◆ **Your task**:
Please give every line below again exactly, but not its pictures.
______________________________
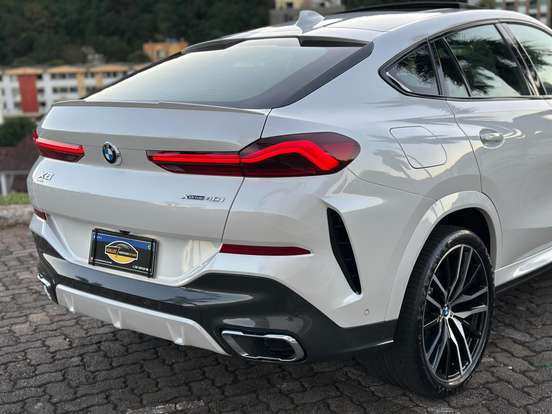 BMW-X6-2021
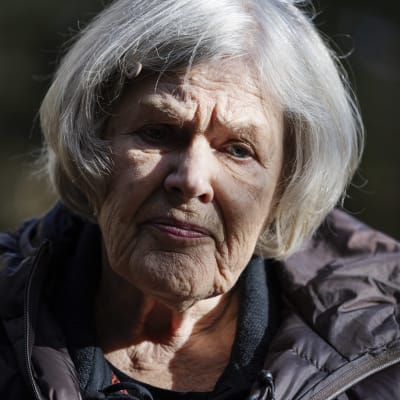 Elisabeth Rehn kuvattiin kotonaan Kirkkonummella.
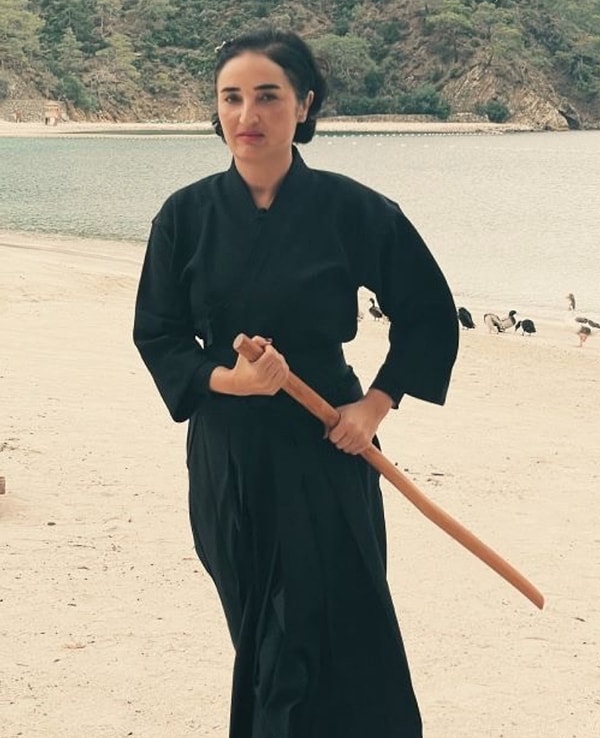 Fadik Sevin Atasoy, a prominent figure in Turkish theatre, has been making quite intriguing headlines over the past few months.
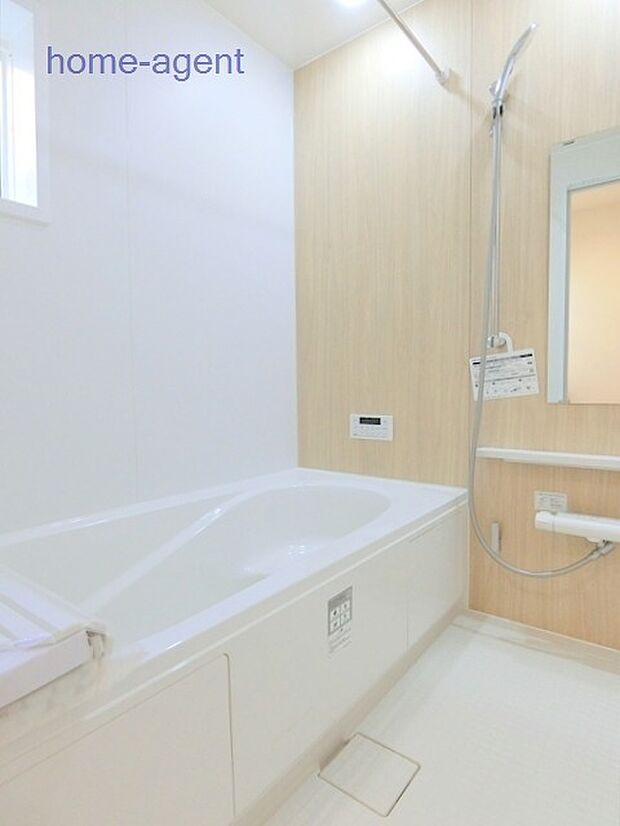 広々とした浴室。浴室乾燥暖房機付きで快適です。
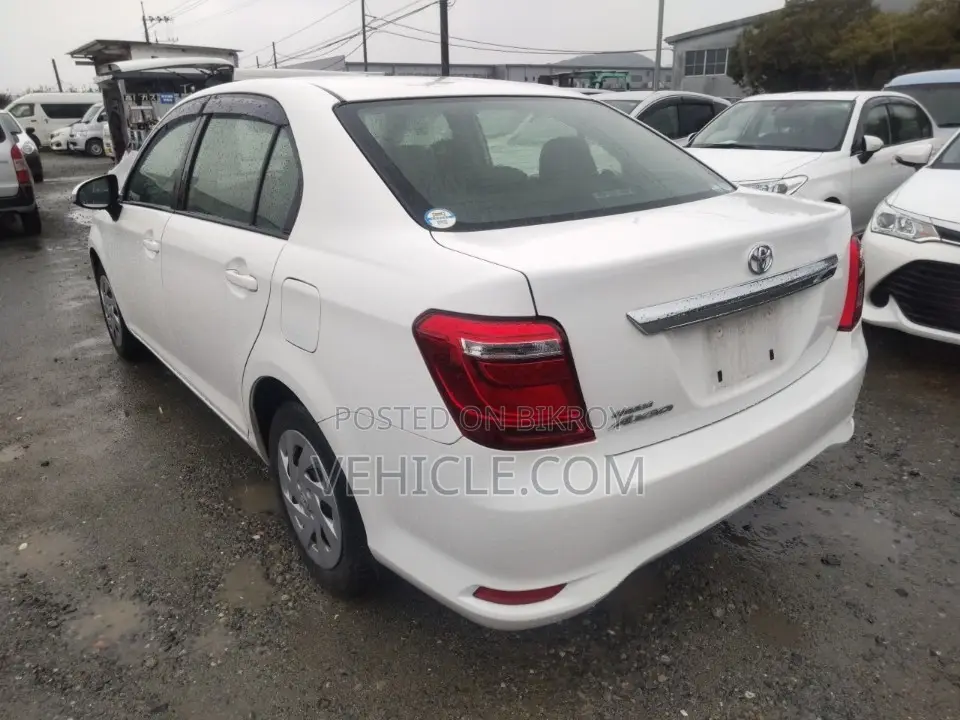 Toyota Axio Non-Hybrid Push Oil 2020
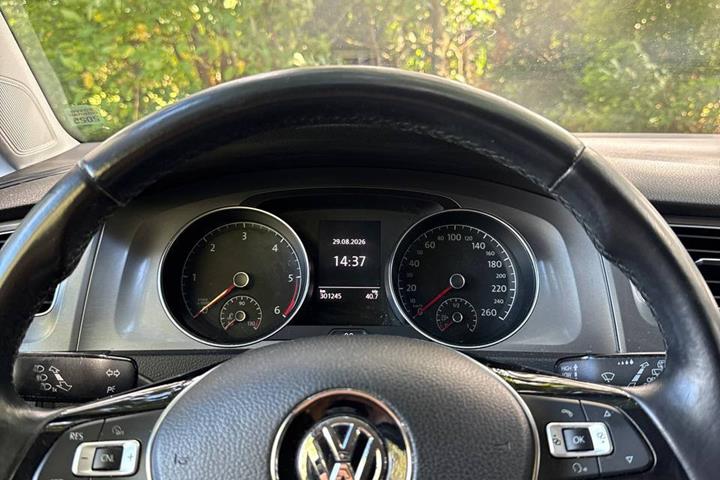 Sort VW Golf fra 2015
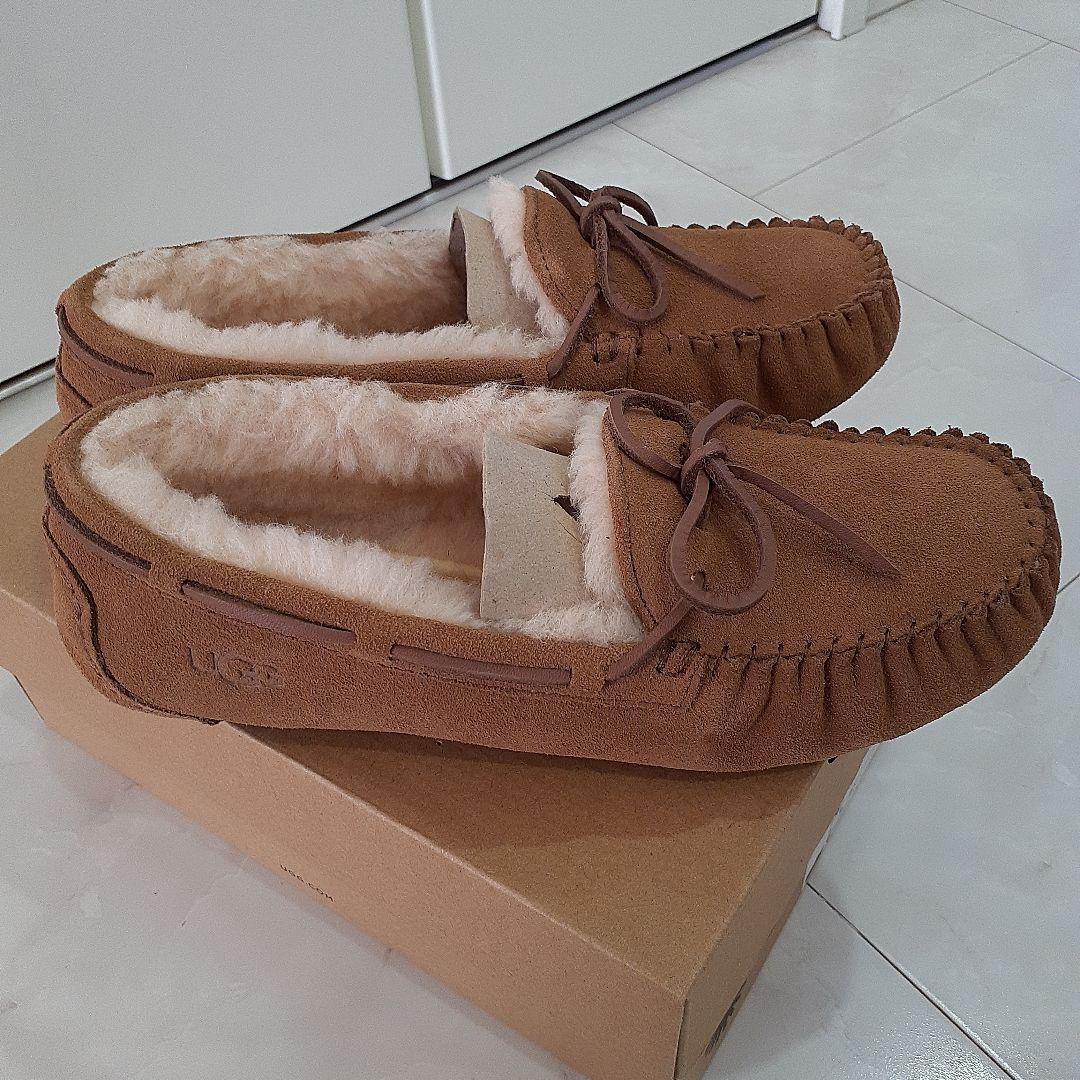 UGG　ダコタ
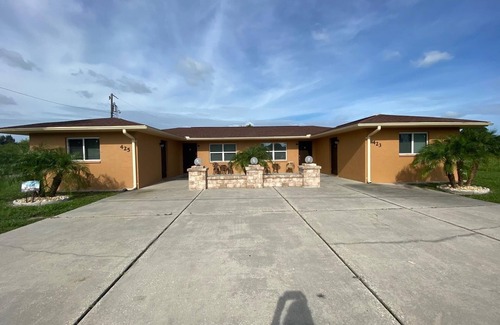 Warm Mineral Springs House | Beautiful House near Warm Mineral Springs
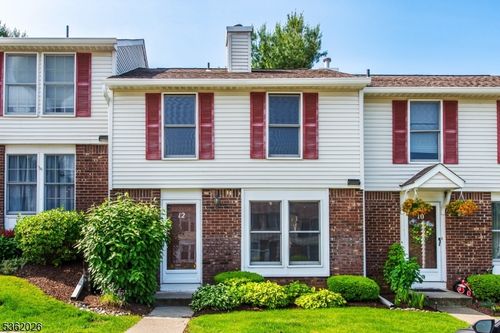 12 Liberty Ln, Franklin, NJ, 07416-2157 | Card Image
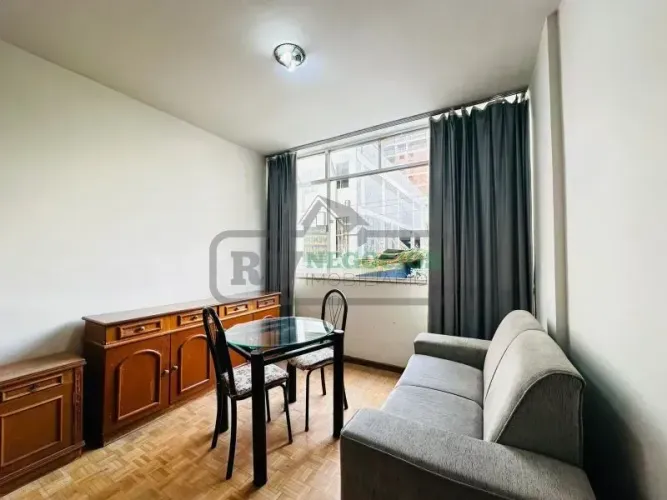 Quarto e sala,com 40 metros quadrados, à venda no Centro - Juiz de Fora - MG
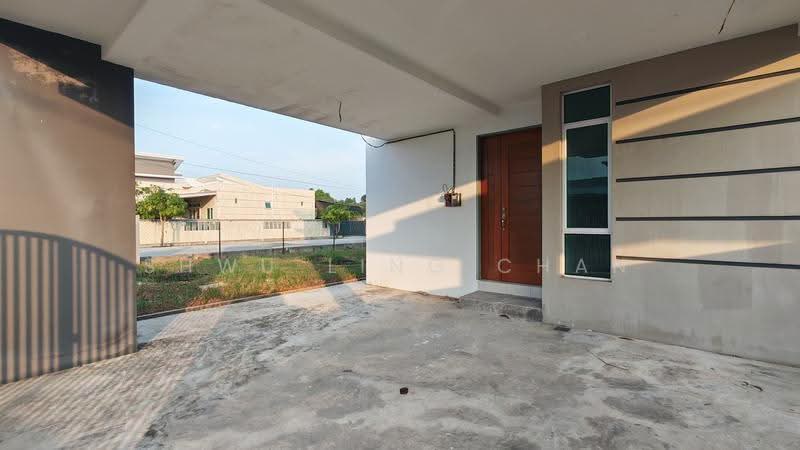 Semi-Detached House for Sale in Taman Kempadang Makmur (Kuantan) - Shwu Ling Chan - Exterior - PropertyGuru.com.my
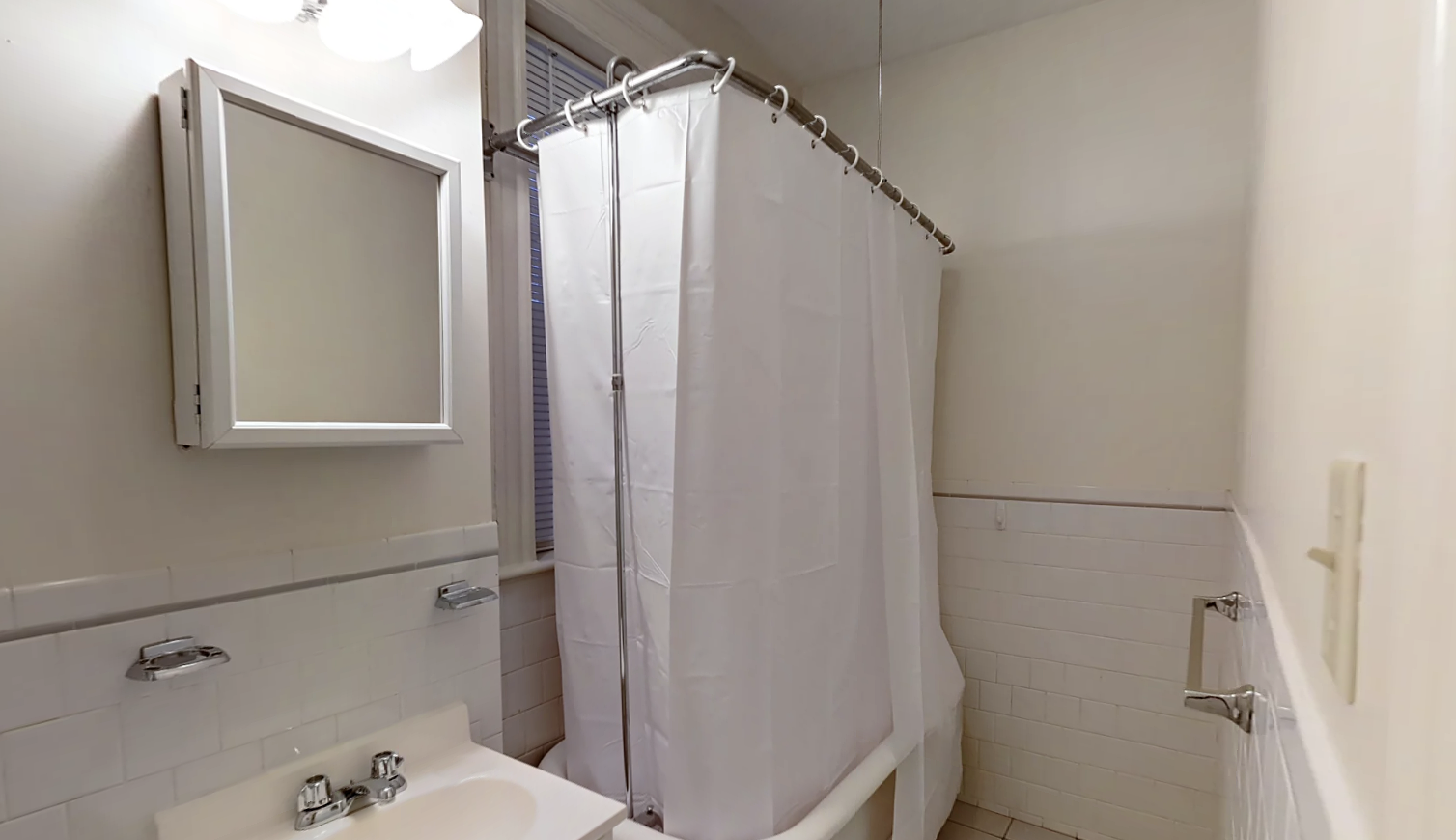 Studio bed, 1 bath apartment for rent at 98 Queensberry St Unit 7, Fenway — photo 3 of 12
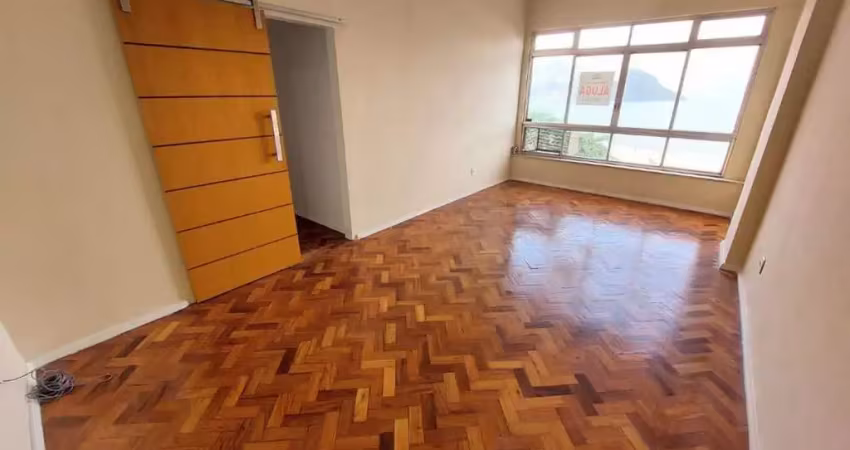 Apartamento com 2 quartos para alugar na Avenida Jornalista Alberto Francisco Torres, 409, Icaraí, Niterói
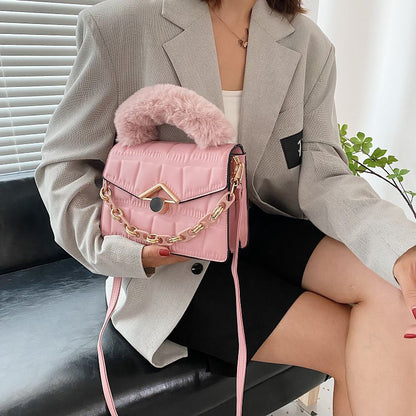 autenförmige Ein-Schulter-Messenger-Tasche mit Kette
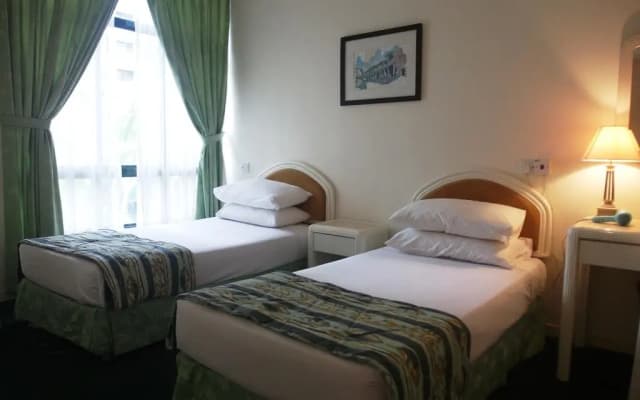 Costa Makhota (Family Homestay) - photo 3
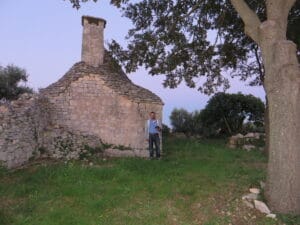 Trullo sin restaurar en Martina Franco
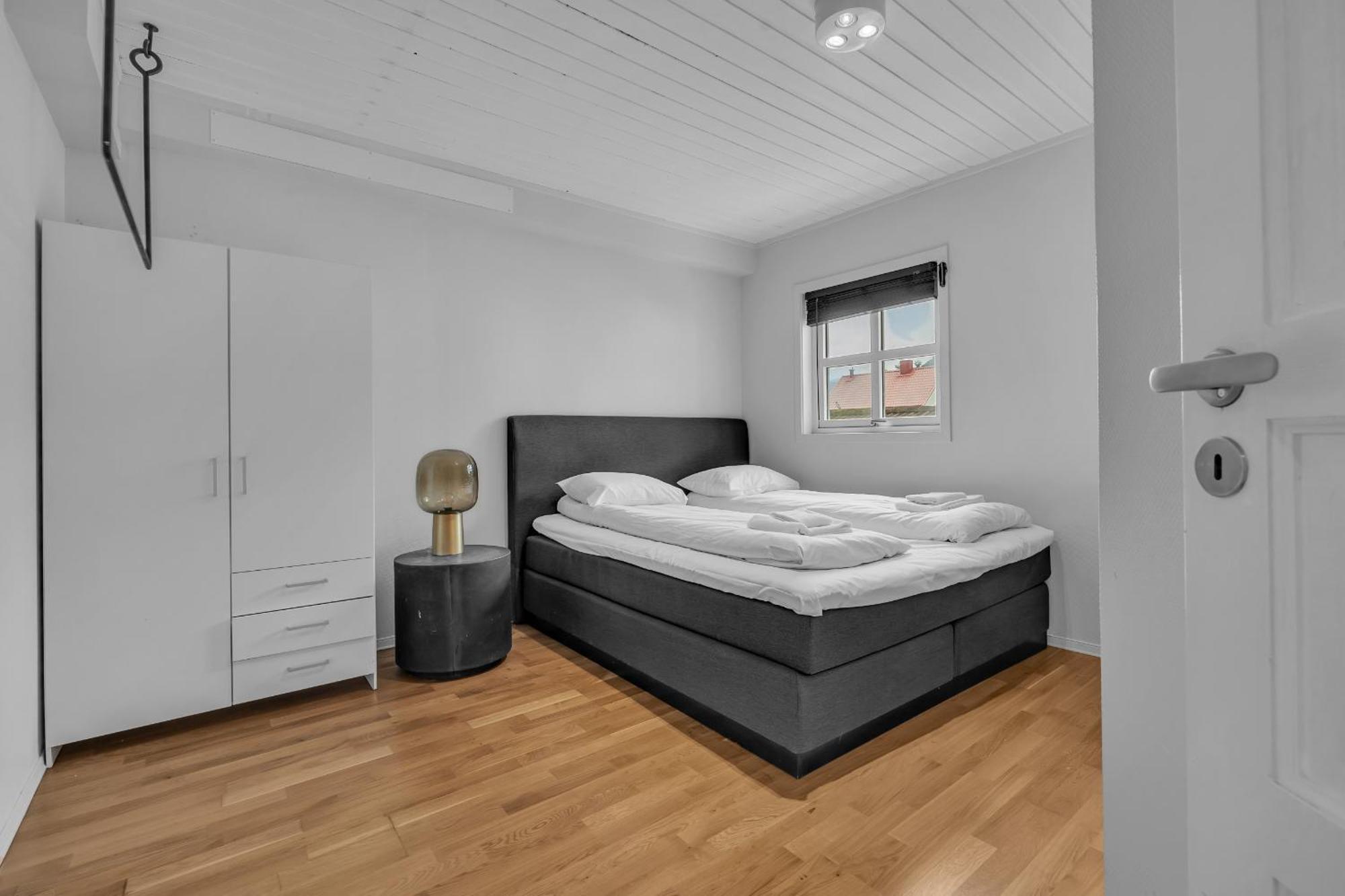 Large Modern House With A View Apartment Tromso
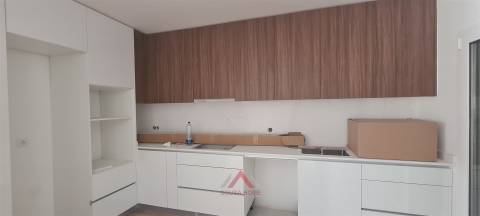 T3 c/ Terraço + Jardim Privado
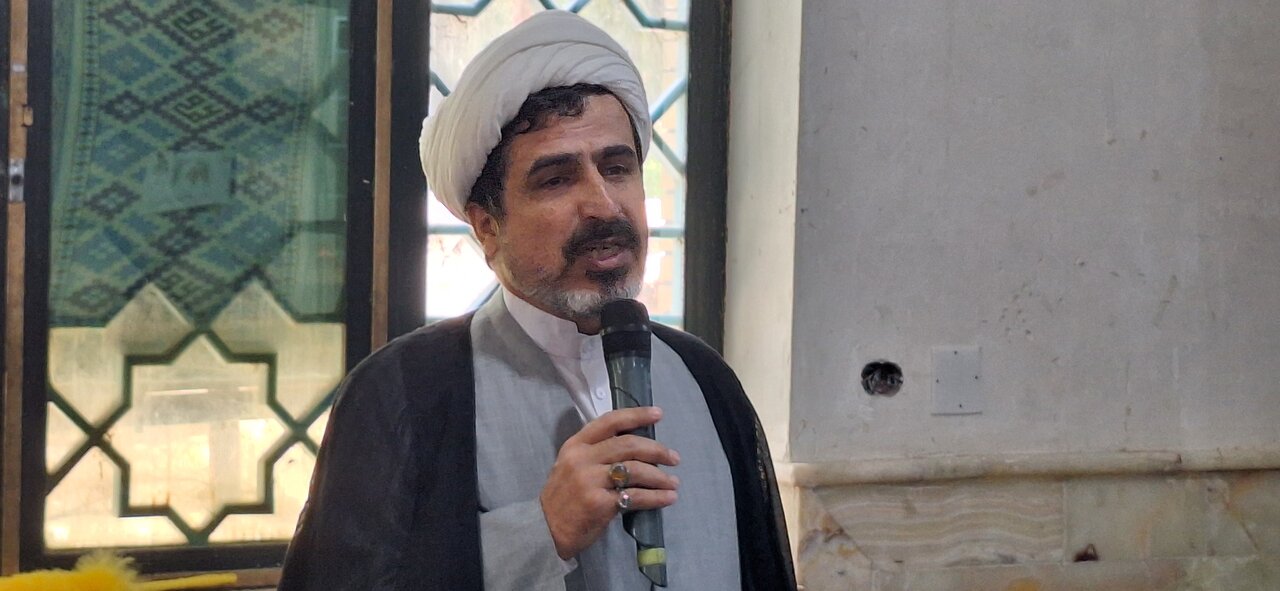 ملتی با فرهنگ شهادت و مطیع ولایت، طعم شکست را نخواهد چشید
______________________________
◆ **Answer to this exercise**:
 BMW-X6-2021
 Elisabeth Rehn kuvattiin kotonaan Kirkkonummella.
 Fadik Sevin Atasoy, a prominent figure in Turkish theatre, has been making quite intriguing headlines over the past few months.
 広々とした浴室。浴室乾燥暖房機付きで快適です。
 Toyota Axio Non-Hybrid Push Oil 2020
 Sort VW Golf fra 2015
 UGG　ダコタ
 Warm Mineral Springs House | Beautiful House near Warm Mineral Springs
 12 Liberty Ln, Franklin, NJ, 07416-2157 | Card Image
 Quarto e sala,com 40 metros quadrados, à venda no Centro - Juiz de Fora - MG
 Semi-Detached House for Sale in Taman Kempadang Makmur (Kuantan) - Shwu Ling Chan - Exterior - PropertyGuru.com.my
 Studio bed, 1 bath apartment for rent at 98 Queensberry St Unit 7, Fenway — photo 3 of 12
 Apartamento com 2 quartos para alugar na Avenida Jornalista Alberto Francisco Torres, 409, Icaraí, Niterói
 autenförmige Ein-Schulter-Messenger-Tasche mit Kette
 Costa Makhota (Family Homestay) - photo 3
 Trullo sin restaurar en Martina Franco
 Large Modern House With A View Apartment Tromso
 T3 c/ Terraço + Jardim Privado
 ملتی با فرهنگ شهادت و مطیع ولایت، طعم شکست را نخواهد چشید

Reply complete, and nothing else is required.